**Data for this task:**
···
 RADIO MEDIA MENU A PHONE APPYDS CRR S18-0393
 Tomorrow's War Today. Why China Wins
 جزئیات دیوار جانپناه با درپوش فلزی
···
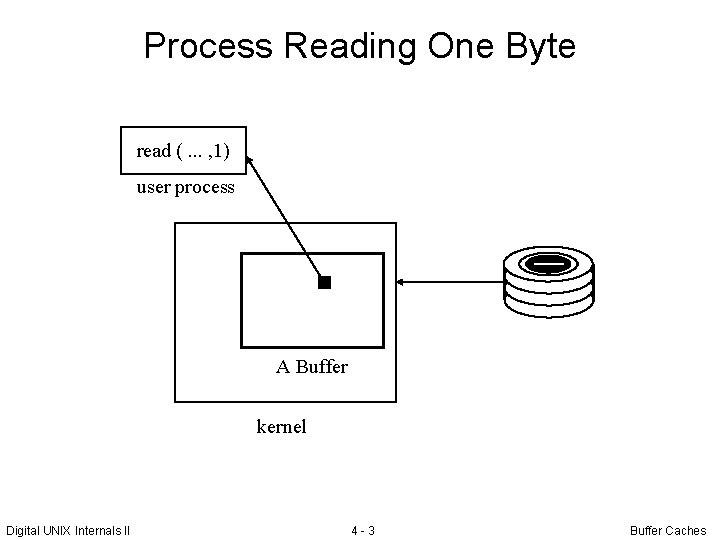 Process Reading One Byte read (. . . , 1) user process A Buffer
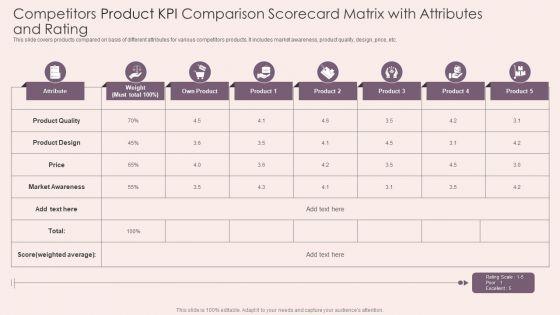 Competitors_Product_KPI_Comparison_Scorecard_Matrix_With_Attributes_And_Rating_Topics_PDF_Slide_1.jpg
···
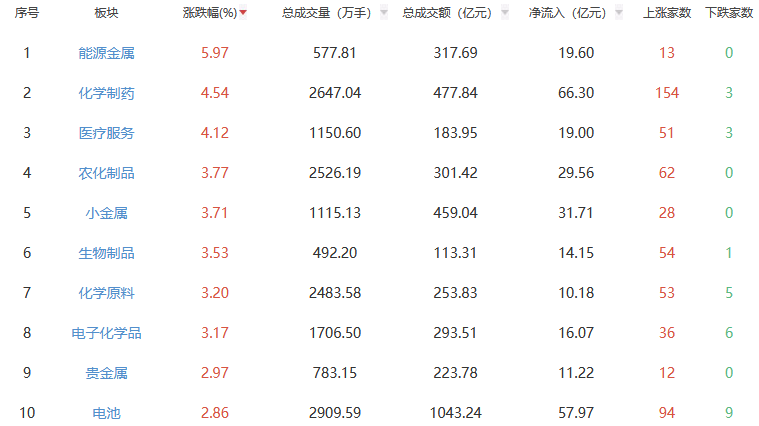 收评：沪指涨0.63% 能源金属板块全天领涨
···
**About this task:** From the records above, give again exactly the lines running from the line with "RADIO MEDIA MENU A PHONE APPYDS CRR S18-0393" to the line with "جزئیات دیوار جانپناه با درپوش فلزی", inclusive.

**Task answer:**
 RADIO MEDIA MENU A PHONE APPYDS CRR S18-0393
 Tomorrow's War Today. Why China Wins
 جزئیات دیوار جانپناه با درپوش فلزی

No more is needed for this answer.